Secondo l’accusa, tra i mafiosi, liberi e detenuti, covava il malcontento per l’avvocato sbirro. Sbirro perché i clienti di Fragalà facevano ammissioni nei processi e rendevano interrogatori che mettevano nei guai i boss. Sbirro perché il penalista non aveva esitato, per difendere al meglio un suo assistito, a rendere pubblica la corrispondenza della moglie di un padrino della vecchia mafia. E così il clan mafioso di Porta Nuova avrebbe deciso organizzare una punizione a colpi di bastone, che diventò un massacro sotto lo studio legale di via Nicolò Turrisi.
Quindi aggiunge che “ho paura per la mia incolumità perché c’è con me, in carcere, in questa sezione, Antonino Siracusa (si tratta di Antonino Siragusa, ndr) ed è quello che, diciamo, è stato dell’omicidio Fragalà ed io conosco sia lui, che la sua famiglia”.

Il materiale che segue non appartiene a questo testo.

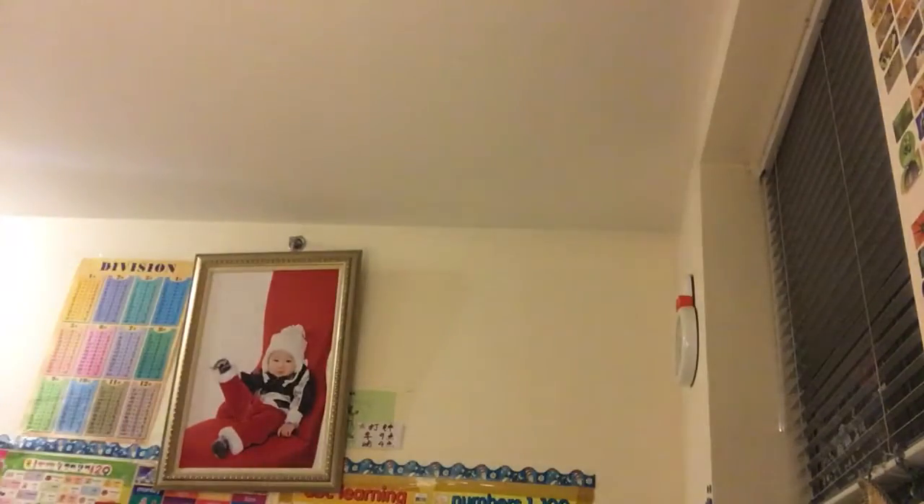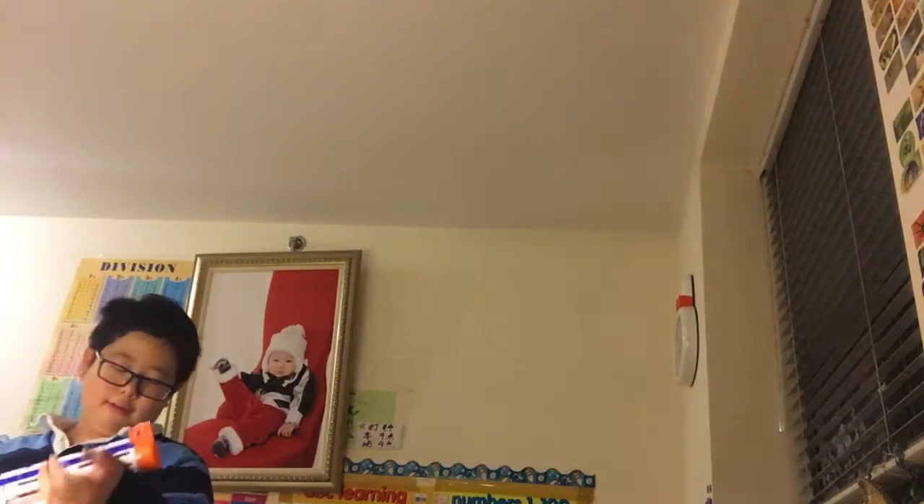Hey guys, it's Jordan Flaps here. This is part two of my Nerf gun show-and-tell video, and for the second part I decided to show you guys my Regulator.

Il pm Beux raccoglie le dichiarazioni, ma l’8 ottobre a interrogare Lo Iacono ci sono i pm Francesca Mazzocco e Bruno Brucoli, titolari dell’inchiesta e del processo sull’omicidio Fragalà. Il dichiarante ritorna sull’episodio dell’appartamento: “… sento buttare queste voci, riconosco la voce di Gregorio Di Giovanni, io lo conosco veniva spesso al bar, molto amico di Bobbuccio… ho sentito dire ‘voglio dare una lezione a quest’avvocato’… gli do i caffè e me ne vado mentre vado per chiudere la porta ho sentito che si parlava dell’avvocato Fragalà…”.
Il racconto prosegue nel periodo in cui Lo Iacono viene trasferito “da Pagliarelli al carcere di Velletri, ho incontrato Antonino Siragusa che è imputato nel processo dell’avvocato Fragalà… si confidava con un certo Sebastiano Pagano, che è un ex collaboratore di giustizia. Si mettevano dentro la cella a parlare… l’aveva in particolare con un certo Chiarello perché dice che l’ha tradito perché non doveva fare i nomi di questi due ragazzi Cocco e… Castronovo, cioè si erano messi d’accordo Chiarello con il Siragusa di non fare questi nomi nel processo… e parlava e diceva che era un traditore… ma nell’omicidio c’erano, lui ha detto…. l’ha tradito per questo perché pensava che non faceva questi due nomi… lui si appoggia su Gregorio Di Giovanni… che se si pentisse si saprebbe la verità dell’omicidio”.
Se sono vere le dichiarazioni di Lo Iacono ci sarebbe stato un accordo fra Chiarello, il primo pentito che ha riaperto il caso Fragalà, e Siragusa che ha deciso successivamente di collaborare con i magistrati che lo ritengono un depistatore. Siragusa in molti passaggi ha smentito proprio le dichiarazioni di Chiarello
Lo Iacono sostiene di avere sentito Siragusa parlare del delitto in una seconda occasione con “Giancarlo Giugno che è il vicino di cella… dice me l’ha messo nel sedere… che ha parlato prima lui, che dovevo parlare prima io…”.
Di Paolo Cocco e Francesco Castronovo Siragusa avrebbe detto che “c’erano e dopo si sono messi in macchina con lui… ho sentito pure che ha buttato la mazza dentro al contenitore dove buttano le bottiglie di plastica… il cassonetto ha preso fuoco… che hanno sequestrato il giubbotto che lui ha usato quella sera”.
Infine Lo Iacono dice di avere raccolto altre confidenze “da Sebastiano Pagano” e cioè che “Cocco e Castronovo tenevano e Ingrassia e lui (riferito a Siragusa, ndr) colpivano”. I nuovi verbali sono stati depositati al processo per l’omicidio Fragalà, alla vigilia della requisitoria dei pubblici ministeri. E Lo Iacono riferisce pure di un testimone che avrebbe assistito ai dialoghi in carcere,: Angelo Izzo, il cosiddetto mostro del Circeo.